Data below:

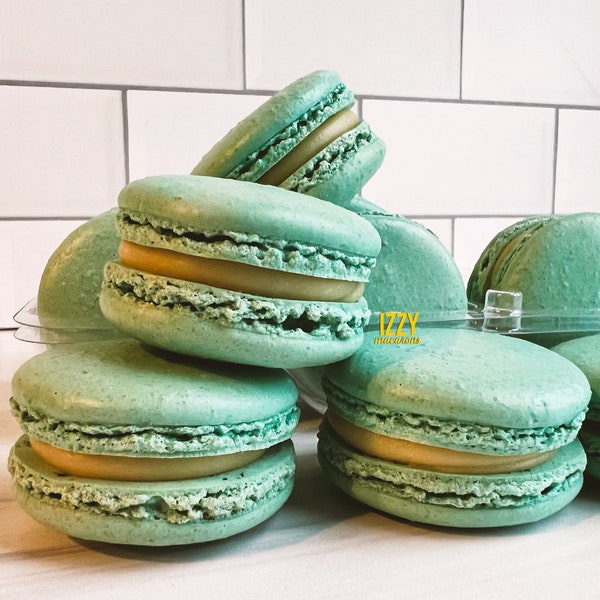 Teal Tiffany French Macarons - 6.12 or 24 - Cheesecake Flavor Macaroons - Blue Macrons - Valentines Gift Macarons - Gluten Free
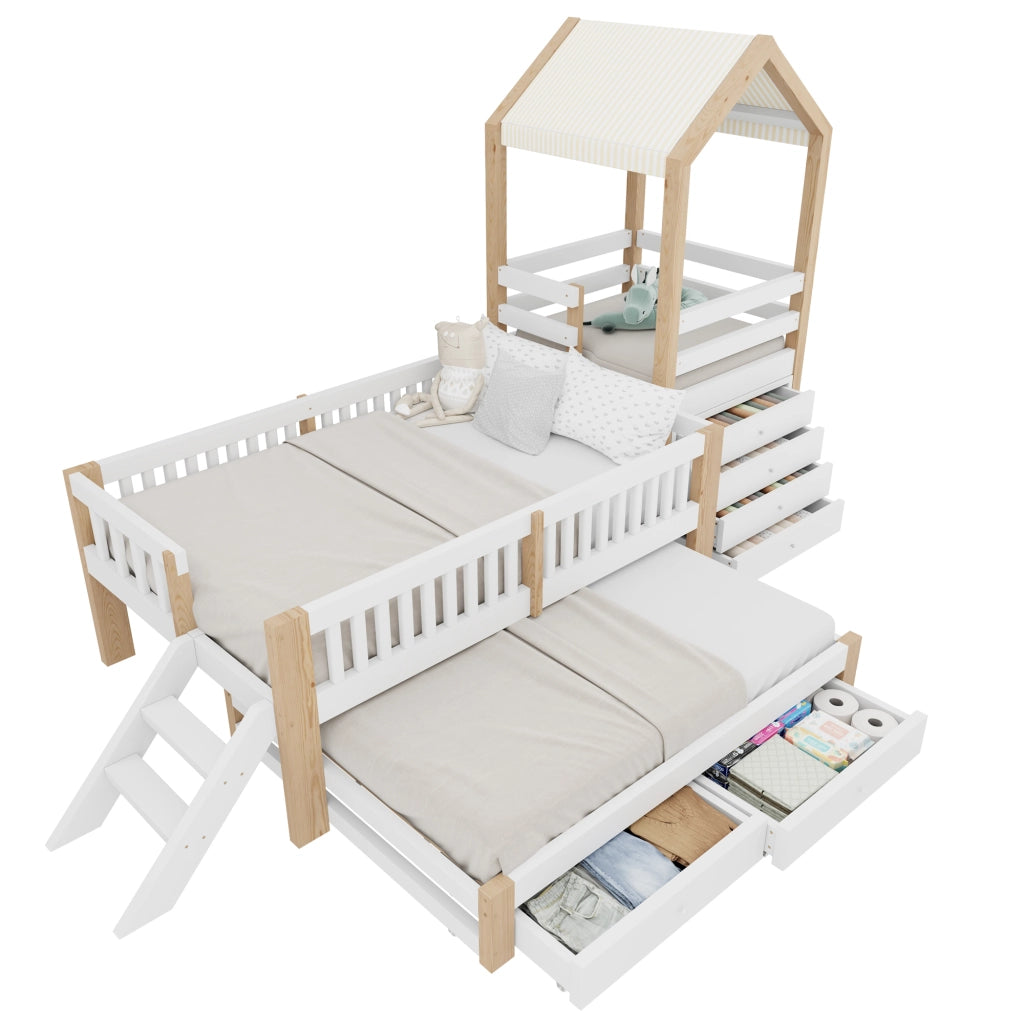 Casetta a castello bambini in legno massello 90 x 200 cm con letto estraibile 90 x 190, scala a 4 cassetti e tetto in tessuto, bianco e legno naturale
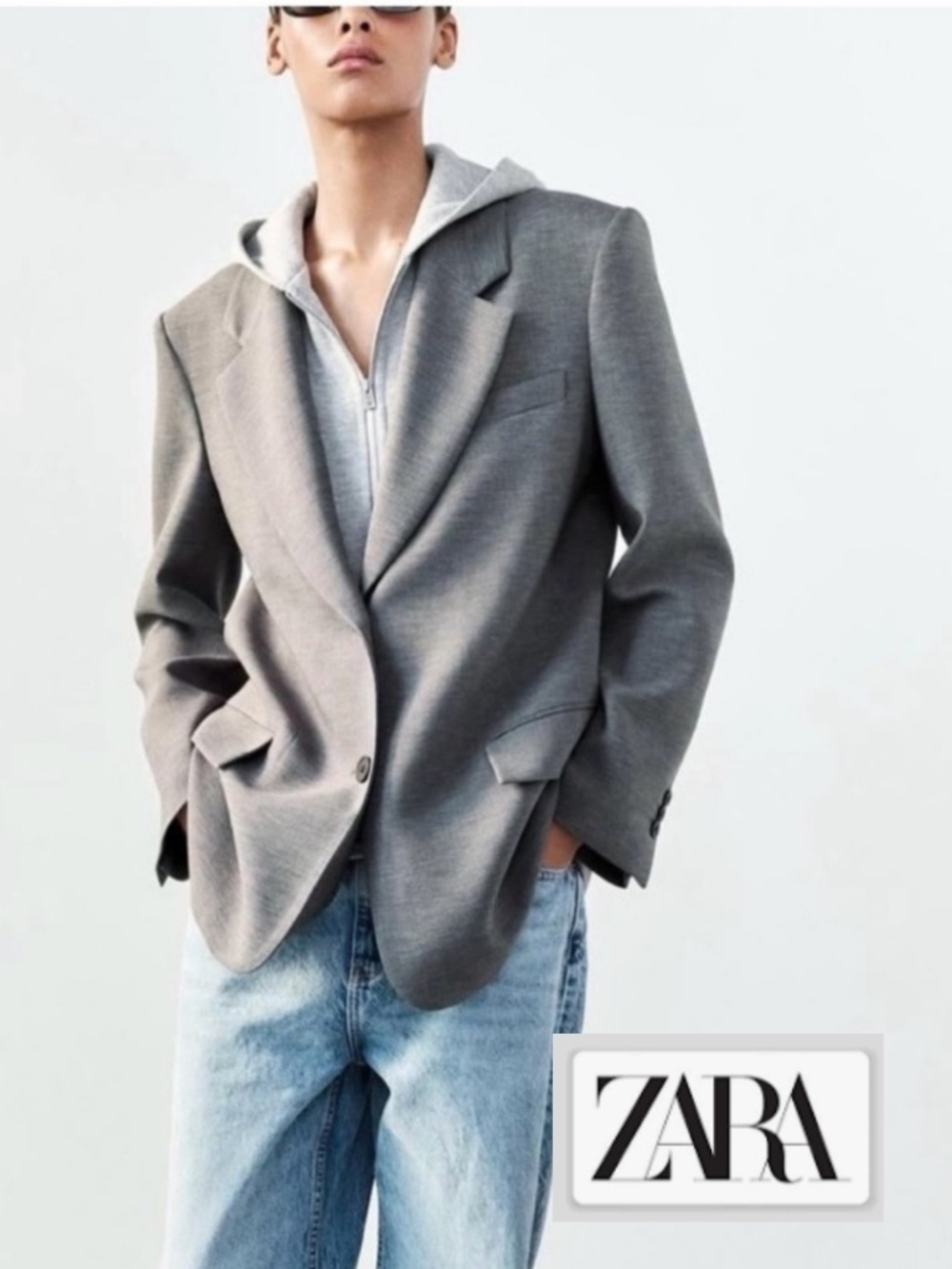 Zara grey suit coat with grey hoodie zip up attached, XL, GP1570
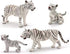 Gemini&Genius Realistic White Tiger Family Set with Cub, Safari Animal Figurines, Educational Playset for Kids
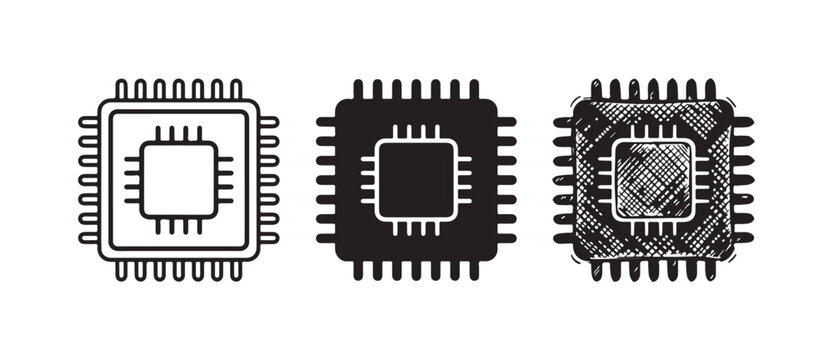 Three Visual Styles of a QFN/QFP Microchip Icon: Line Art, Solid Silhouette, and Expressive Sketch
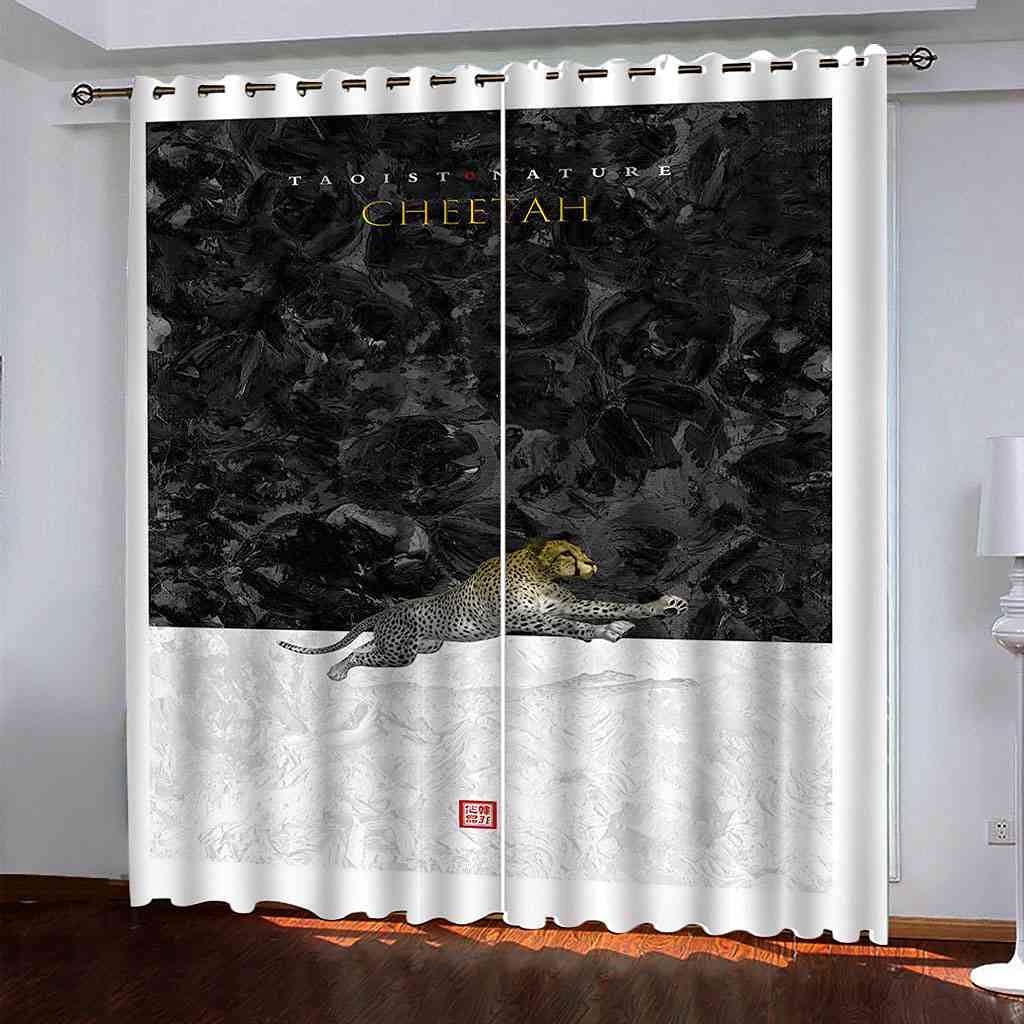 Rideau occultant à oeillets guépard 3D 200x160 cm pour habiller la chambre
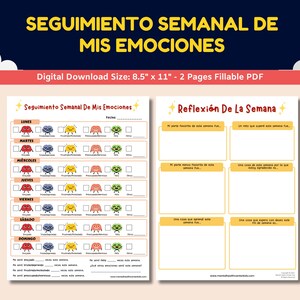 Scheda di lavoro sui sentimenti/emozioni in spagnolo per bambini-adolescenti-Seguimiento Semanal De Mis Emociones-Fogli di lavoro settimanali di monitoraggio delle emozioni e di riflessione 2 pagine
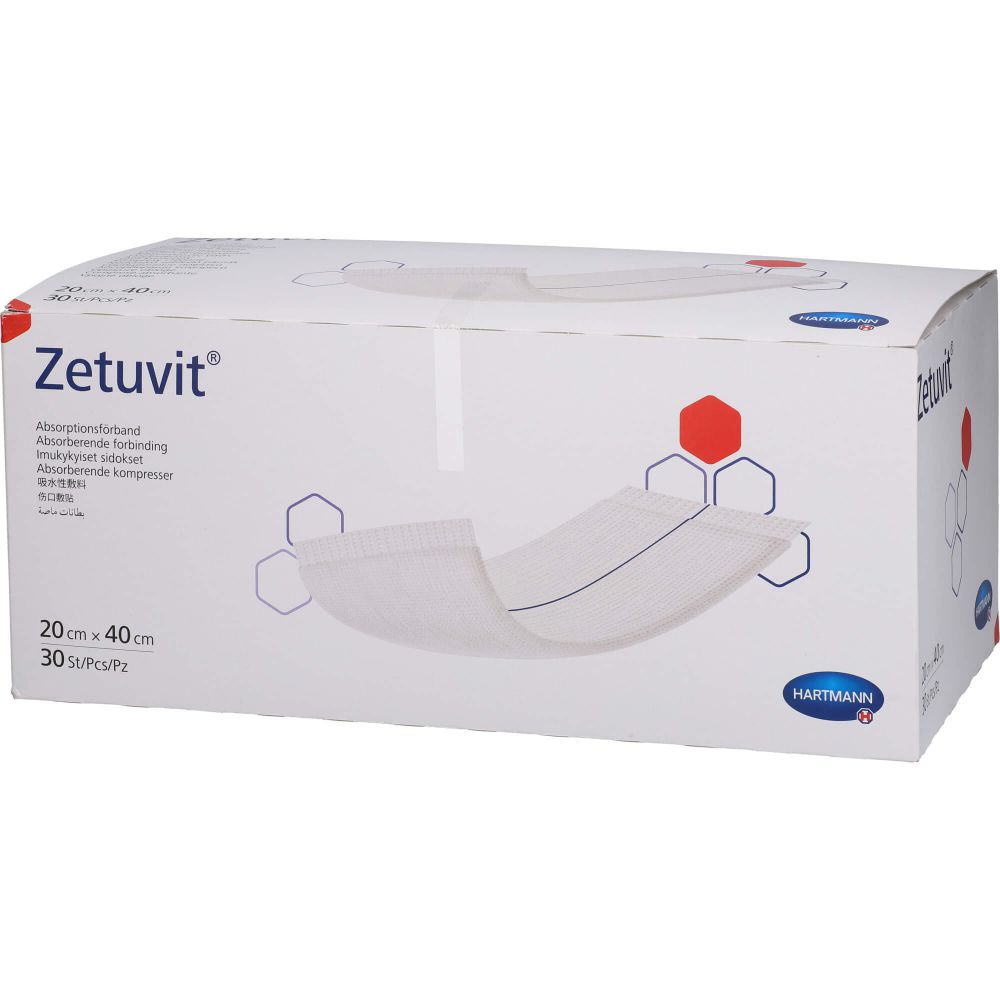 ZETUVIT Saugkompressen unsteril 20x40 cm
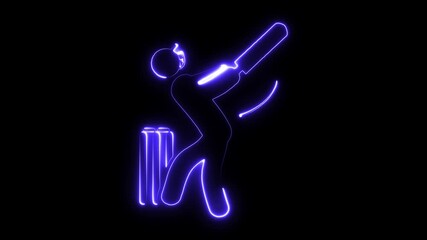 Neon cricket player batting action silhouette glowing purple on black background dynamic sports animation digital art - Powered by Adobe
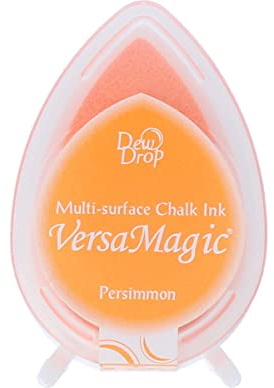 Tsukineko Twin Marker Embossing Filzstifte 2 mm Orange, Persimmon - Embossing Fineliner Malstifte - Twinmarker auf Wasserbasis - Brush Pen für Stempeln, Kalligraphie und Mischtechnik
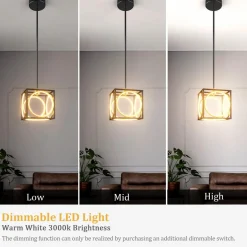 Tangkula Modern LED Pendant Light, Square Ceiling Light Fixture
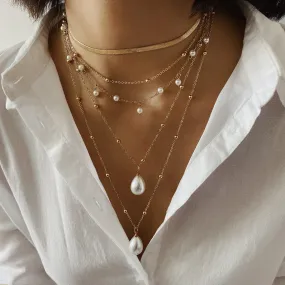 Gothic Long Chain Necklace with Pearl Tassel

End of Data.

* **What to produce**
Your task is to copy word for word the lines from the line containing "Tsukineko Twin Marker" to the end of the listing, both included, and to drop any pictures.

* **Response to this exercise**
 Tsukineko Twin Marker Embossing Filzstifte 2 mm Orange, Persimmon - Embossing Fineliner Malstifte - Twinmarker auf Wasserbasis - Brush Pen für Stempeln, Kalligraphie und Mischtechnik
 Tangkula Modern LED Pendant Light, Square Ceiling Light Fixture
 Gothic Long Chain Necklace with Pearl Tassel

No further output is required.